I am going to be staying in Pensacola Beach in June with my family and was hoping to get out and do some fishing. I'm by no means an avid angler, I'm in GA and will get out to a pond maybe twice a year at best and fish for some bass, bluegill, catfish, etc. I'm hoping to get some suggestions for a decent rod/reel that will be sufficient, but not break the bank. I'll probably be mostly hitting one of the piers, but I may also throw out from the surf a little. So just kind of looking for a good all around rig to get the job done. 
Thanks, Trent


----------



## AdrenB (Jun 20, 2017)

I suggest a penn fierce 3 combo from amazon 5000 size reel on 8' rod for $109. Fill it up with 15lb mono, or 20lb braid. I have never been a big fan of fishing any of the gulf piers, just too hectic for me.

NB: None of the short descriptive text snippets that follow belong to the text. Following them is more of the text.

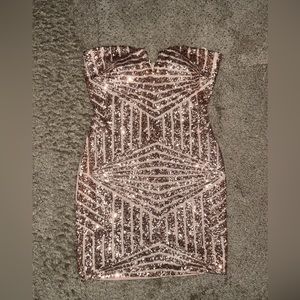 Strapless sequins tube dress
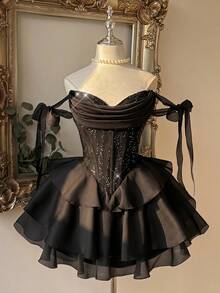 Lovelzi Elegant Glamorous Black Sequin 3D Applique Off-Shoulder Corset Boned Ruched Tiered Layered Ruffle A-Line Mini Dress Prom Homecoming Cocktail Party - Black - View 2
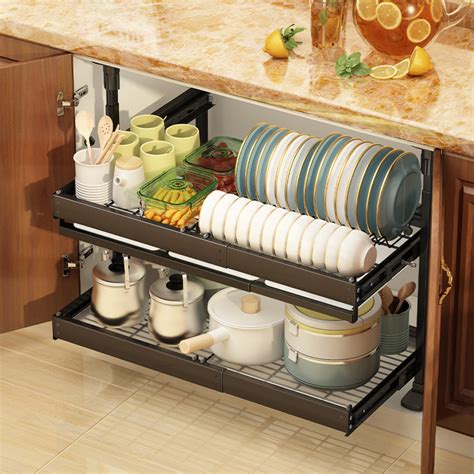 pull-out sliding steel wire cabinet organizer drawer 2 level|kitchen drawer pull out system.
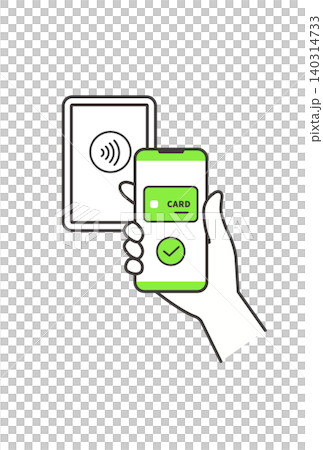 スマホのカード画面を非接触リーダーにかざす手(タッチ決済・モバイル財布・ベクター素材) スマホのカード画面を非接触リーダーにかざす手(タッチ決済・モバイル財布・ベクター素材) 140314733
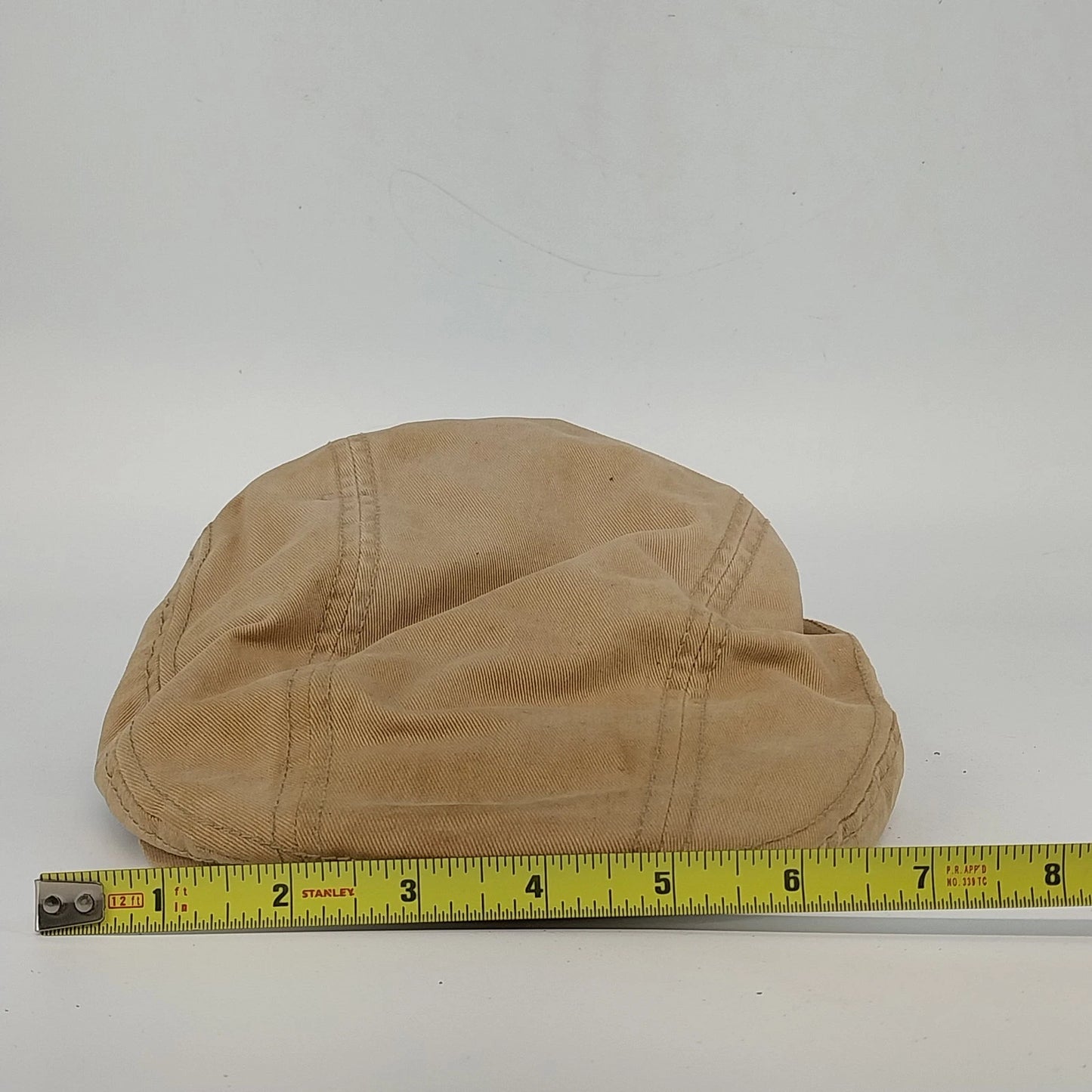 George Tan Canvas Newsboy Cap Flat Driving Hat Multi Panel Mens Small Spot Vtg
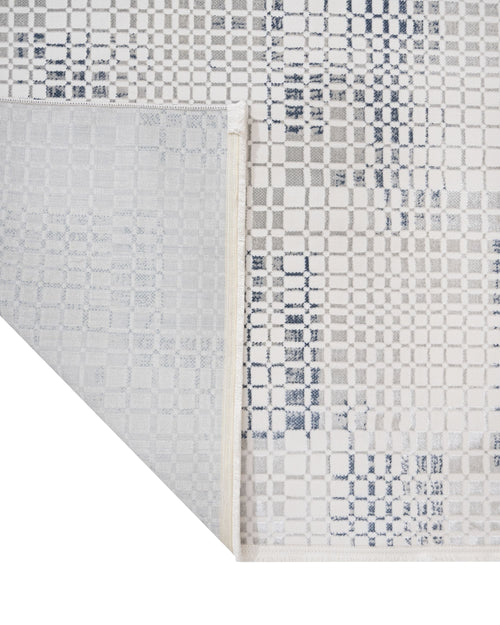 Cotton Area Rug – Machine Made Blue Geometric Rug With Soft Threads & Anti Slip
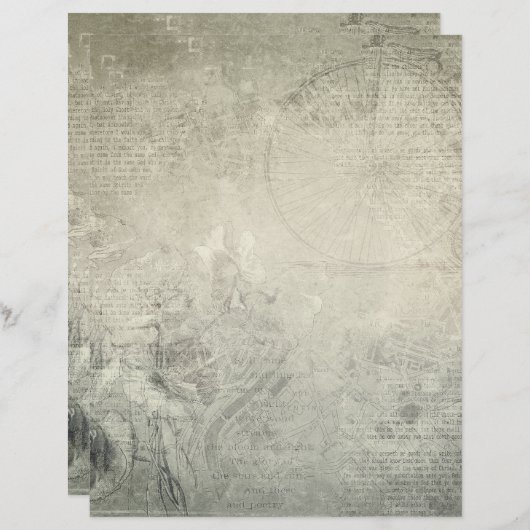 ヴィンテージスタイルスタンプされたブックページ (正面/裏面)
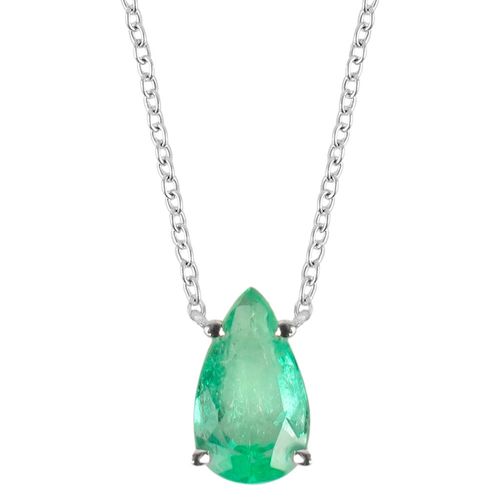 Colar solitário esmeralda gota 1,15cts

Bob sykes bridge tends to be a little less crowded, and spanish should be around in june. You can also catch mangrove snapper and flounder around the pilings.


----------



## Flounderpounder (Oct 3, 2007)

You don't need a licence to fish from the pier (or a charter boat), but you do from shore, bridges, or a private boat. I think the pier still rents tackle for cheap $? A charter boat will provide all tackle and bait. Best chance of catching some good fish is on a charter. It won't cost much or any more than a good rod/reel/tackle/bait and licence, maybe even less. They even clean the fish for you!


----------